Com a enchente e a mudança temporária do tema do prêmio, que passou a abordar as mudanças climáticas, a equipe acabou produzindo outra matéria. “Mas, quando o tema original voltou, decidimos retomar a ideia. Foi uma experiência incrível. A Casa dos Raros realiza um trabalho impressionante de rastreamento e diagnóstico de doenças raras, com alta tecnologia e uma equipe extremamente competente. Eu mesmo desconhecia a dimensão desse trabalho”, relatou Leão.
Sobre o reconhecimento, o jornalista destacou o valor simbólico da premiação. O prêmio é uma consequência da boa história que contamos. É um reconhecimento simbólico, uma valorização do nosso esforço. Fomos finalistas em fotojornalismo e na categoria Mídia Online. É muito importante quando profissionais da imprensa independente recebem essa visibilidade, porque mostra que fazemos um jornalismo sério, real”, afirmou.
Leão também ressaltou o caráter coletivo da conquista. “Os prêmios mostram o que é o Brasil de Fato. Temos uma equipe muito boa, com a editora-chefe Katia Marko e toda a redação. É um prêmio coletivo, não de uma única pessoa, porque o Brasil de Fato somos todos nós. Que venham muitos outros prêmios pela frente”, concluiu.

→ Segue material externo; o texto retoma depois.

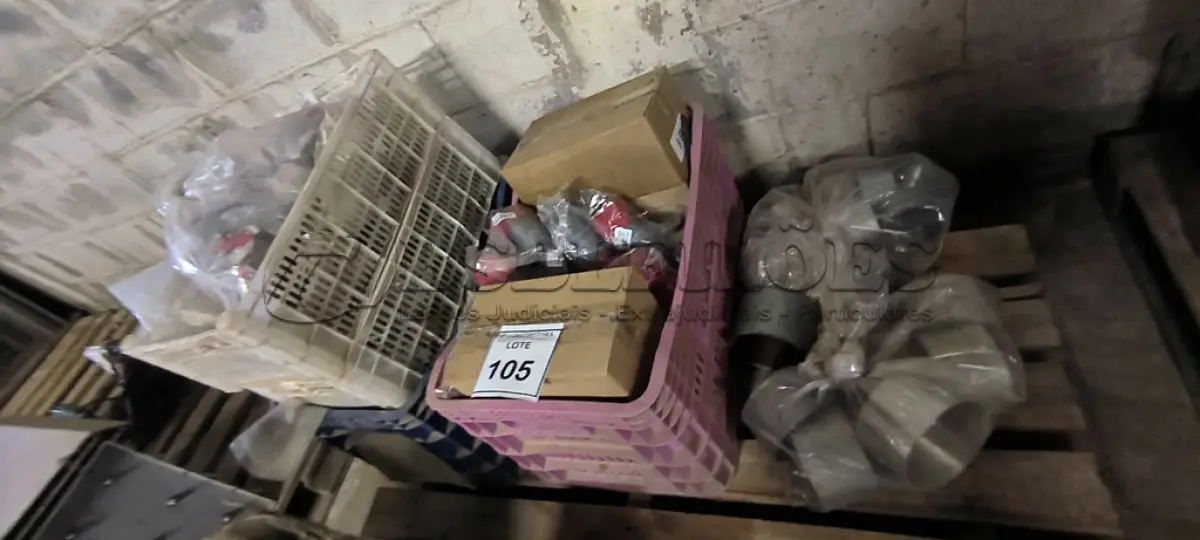 LOTE 105 - 01 LOTE COM PORCAS, ARRUELAS , LUVAS PARA ELETRODUTOS LUVAS ROSCADAS ZINCADAS, GRAMPOS PARA CONDUITES E TOMADAS INDUSTRIAIS. (NO ESTADO) ATENÇÃO! FAZER A VISITAÇÃO ANTES DE ARREMATAR, NÃO SABEMOS SE FUNCIONA, LEILÃO NÃO TEM GARANTIA E NEM DEVOLUÇÃO, SUJEITO A POSSÍVEIS AVARIAS VISÍVEIS/OCULTAS E/OU AUSÊNCIA DE COMPONENTES.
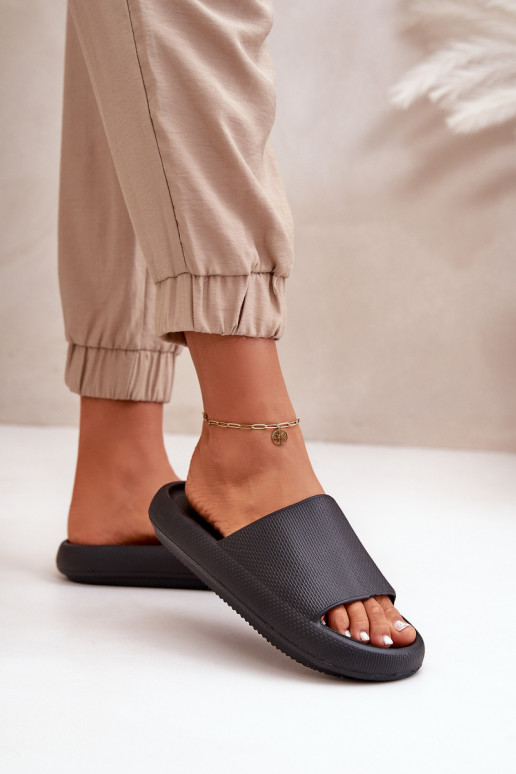 Dámske Ľahké penové šľapky Zapnuté hrubej podrážke čierna Querceria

Na categoria Online, o primeiro lugar ficou com a matéria “Proibida no Brasil, ‘pílula do câncer’ é vendida em grupos na internet; médicos alertam para riscos”, dos jornalistas Lucas Guimarães Abati e Yasmin Luz. O segundo lugar foi para o especial “Entre flores e temores: a vida com Parkinson”, de Karyne Lane Alves Gomes (O Povo+, CE). Na categoria Fotojornalismo, o primeiro lugar foi conquistado por Jonathan Heckler (Zero Hora), e em terceiro Hermes de Paula (GZH).